Obviously, I disliked the theatrical cut of Ridley Scott’s Kingdom of Heaven, which majority of the world saw, and to this day, I am still mystified as to how anyone could’ve enjoyed it. The film felt so disconnected, unemotional and off beat (very similar to Troy), restricting one only to view the battle sequences as a grand spectacle rather than a gripping action scene. And though it isn’t the first film where the studio’s final say is apparent, it is, however, the first film to be so painfully obvious about it.

Normally, I’m skeptic about Director’s Cuts. In most situations, their just an excuse for DVD sales but not in Kingdom of Heaven’s case, not by a long shot. The film is restored with forty-five minutes of added footage and the extra-long running time makes all the difference. Kingdom of Heaven: The Director’s Cut is arguably one of Ridley Scott’s absolute best films to date.

The story centers on Balian (played by Orlando Bloom), who aids the city of Jerusalem during the 12th century Crusades, to defend the people from the muslim leader Saladin (intelligently played by Ghassan Massoud) as he launches a vicious attack on the Christians. During Balian’s journey, he searches for answers from God, finds love again and reunites with his long lost father, Godfrey (played by the always-amazing Liam Nesson). It’s a busy movie.

If you share mutual feelings towards the film and felt there was something missing from the original cut, then you’d be right. The priest who constantly torments Balian is his brother! Sibylla (Eva Green) has a son! And there is a final confrontation between Balian and Guy de Lusignan (Marton Csokas) that definitely should’ve made the cut. Not only did these smaller story details add another layer of depth to the characters but it granted me the emotional impact that I so desperately wanted from this film.

Orlando Bloom, who I’ve never really been a fan of, impresses me here more so than he did in the original. His contemplative expression and pensive eyes worked so well for the character in the new version and often times, you could actually figure out what he’s thinking about. Liam Nesson, Jeremy Irons, Brendan Gleeson, Marton Csokas, David Thewlis, Edward Norton (who plays the king but remains uncredited for it) and every one else in the cast give flawless performances as they did in the original but the one who stands out greatly in this, as opposed to the original, is Eva Green. Her entire story thread is finally revealed and fleshed out and she easily has the most heartbreaking scene in the entire film. Every look, every tear and every bit of dialogue is right on point. I adored her performance in this version.

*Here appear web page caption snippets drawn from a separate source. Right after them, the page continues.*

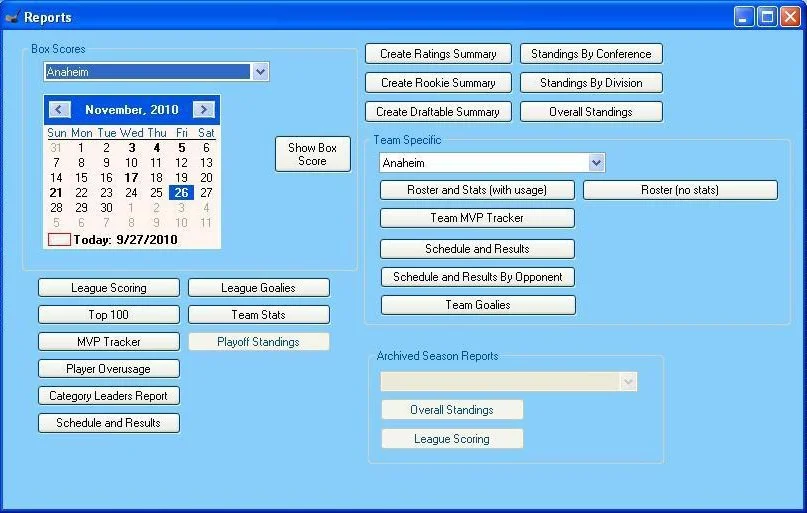 FaceOff Hockey 2010 - кадр 1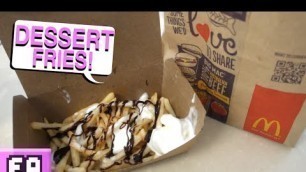 'McDonalds Dessert Fries Menu Hack (McChoco Potato) Mukbang'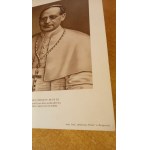 Pius XI cegiełka Akcja Katolicka Łuck Wołyń 1939 r.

The cinematography, like the original, is just breathtaking. The opening shots are by far some of the most beautiful images I’ve ever seen on film. The score by Harry-Gregson Williams is absolutely flawless. The music alone adds just another layer of emotion to this epic masterpiece. William Monahan, who recently won an oscar for writing the Departed, draws every character so clearly and accurately captures the living conditions of the time. It is a brilliant screenplay. Lastly, Ridley Scott. This man has given us Gladiator, Alien, Blade Runner, Thelma & Louise and Black Hawk Down and in my personal opinion, Kingdom of Heaven: The Director’s Cut is his best film. He should’ve easily been nominated for Best Director and it’s truly a shame that he has yet to win a gold statue.

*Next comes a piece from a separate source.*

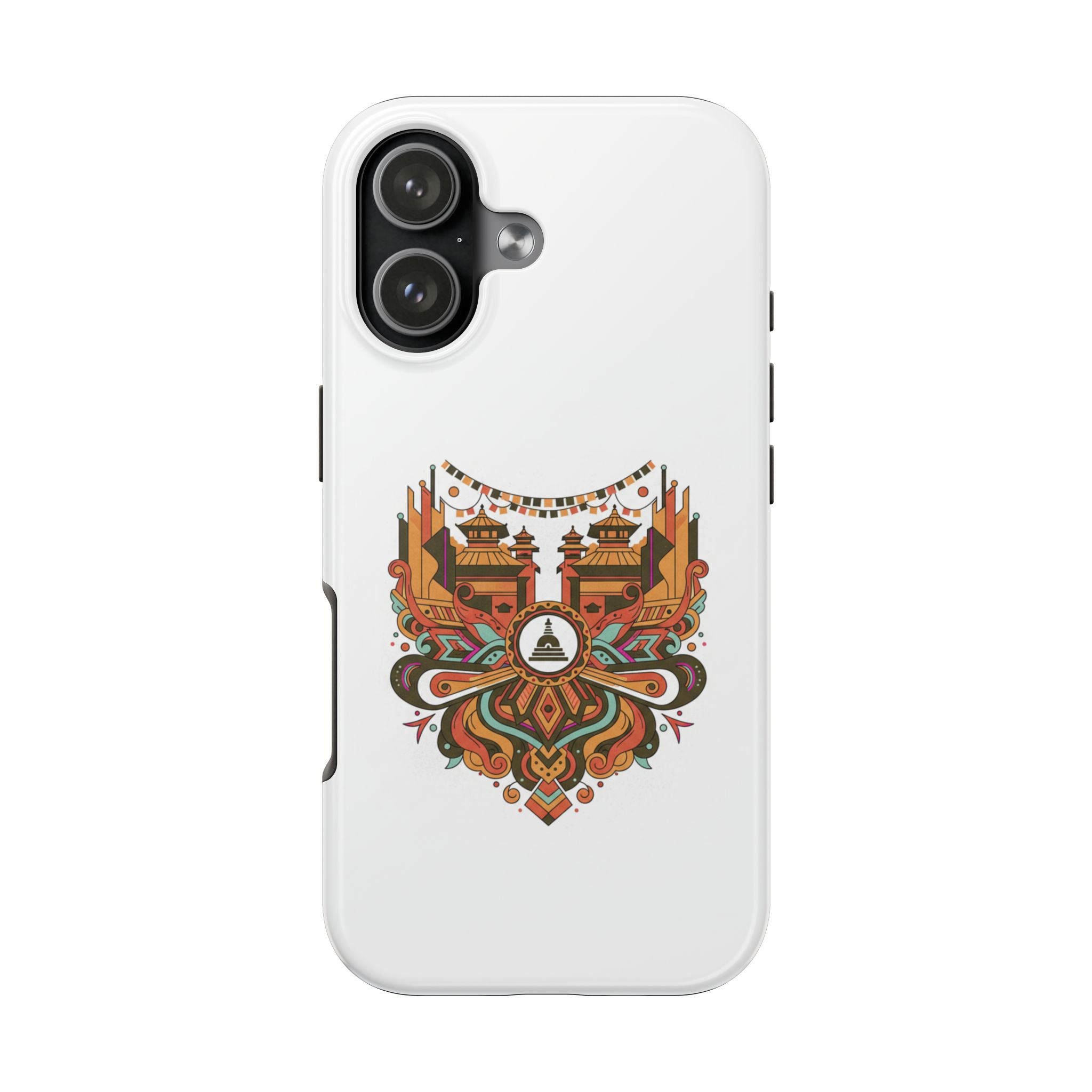 Tough Phone Case — Vintage Temple Mandala Design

If you have or haven’t seen the theatrical cut, it doesn’t matter, I beg you to seek this film. Like most people, you will be missing out on one of the greatest epics out there, certainly the best film about the Crusades. Kingdom of Heaven: The Director’s Cut is worth the trouble of finding it.

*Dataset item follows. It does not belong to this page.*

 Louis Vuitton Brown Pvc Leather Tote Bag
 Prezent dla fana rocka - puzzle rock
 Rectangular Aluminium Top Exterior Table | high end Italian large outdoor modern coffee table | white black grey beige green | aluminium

3 thoughts on “Kingdom of Heaven: The Director’s Cut”

  1. Interesting…I thought Kingdom of Heaven was a bit of a yawn back when i saw it in theatres. Maybe I’ll see if I’ve missed anything with the Directors Cut

  2. You’ve made me think twice about this film. When I rented the theatrical release version I couldn’t get through the first half hour. I’ll try the Director’s Cut and see what happens. Nice review.